It’s safe to say we spend a lot more time figuring out how we’re going to save for retirement, than how we’re going to withdraw those savings. Here are some tips that may help.

The 4% rule

In the 1990s, financial planner William Bengen used historical data to determine that, as a rule of thumb, for most people, withdrawing 4% of their retirement nest-egg each year would allow them to enjoy a steady income for 25 to 30 years. 

However, there are some things to remember about the 4% rule:

  • You’ll still have to pay income taxes from this annual amount
  • You may need to adjust for the annual inflation rate (how much goods and services increase in price each year)
  • It doesn’t consider investment returns on your remaining retirement savings 

For many people, the 4% rule will be more like a guideline. Some years they may withdraw more, some years less, depending on their plans and lifestyle. 
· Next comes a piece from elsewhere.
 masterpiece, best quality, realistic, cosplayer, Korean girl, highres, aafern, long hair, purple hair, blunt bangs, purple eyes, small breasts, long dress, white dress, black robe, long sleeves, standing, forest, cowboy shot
Estimating your own retirement income needs

It’s difficult to calculate exactly how long your money will last in retirement. However, you can estimate using these steps: 

  1. Add up all your retirement savings including registered retirement savings plans (RRSPs), tax-free savings accounts (TFSAs) and non-registered accounts. Your retirement savings may also include the sale of a business. Divide your savings by the number of years you expect to live in retirement to get an estimated annual income amount from your savings. 
  2. Add up all your sources of monthly retirement income from company pension plans, government benefits such as Canada Pension Plan (CPP) or Quebec Pension Plan (QPP), Old Age Security and Guaranteed Income Supplement (GIS). Multiply this amount by 12 to get an annual amount. 
  3. Add the 2 annual amounts together from steps 1 and 2 to get your approximate annual retirement income amount. 
  4. Next, add up all your annual expenses in retirement. Include mortgage, car or rent payments, health care expenses, food, insurance, utilities, gifts, travel, etc. And be sure to treat yourself occasionally. 
  5. Compare your annual retirement income with your annual expenses. If your annual income is higher than your annual expenses, you’re in good shape. If not, you may need to reduce your expenses or consider working longer and saving more. 
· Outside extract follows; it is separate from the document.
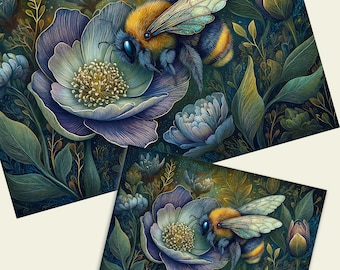 Bee and Hellebore Moonlight Floral Tissue or Rice Paper Decoupage, Junk Journal, Scrapbooking Craft Paper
Remember, this estimate doesn’t consider someone living off dividends or a similar constant income stream. 

This chart provides some examples and shows the importance of keeping your retirement savings invested.

Total retirement income
Investment returns
Total annual expenses/
Number of years money will last
$500,000 6% $35,000 33

The above example is for illustrative purposes only. Situations will vary according to specific circumstances.

The length of your retirement matters

While the average Canadian retires at age 63.5 according to Stats Canada, some people choose to work longer. If you continue to work until you’re 70, that’s 6.5 fewer years of retirement you need to save for, or more money you can spend annually during retirement. 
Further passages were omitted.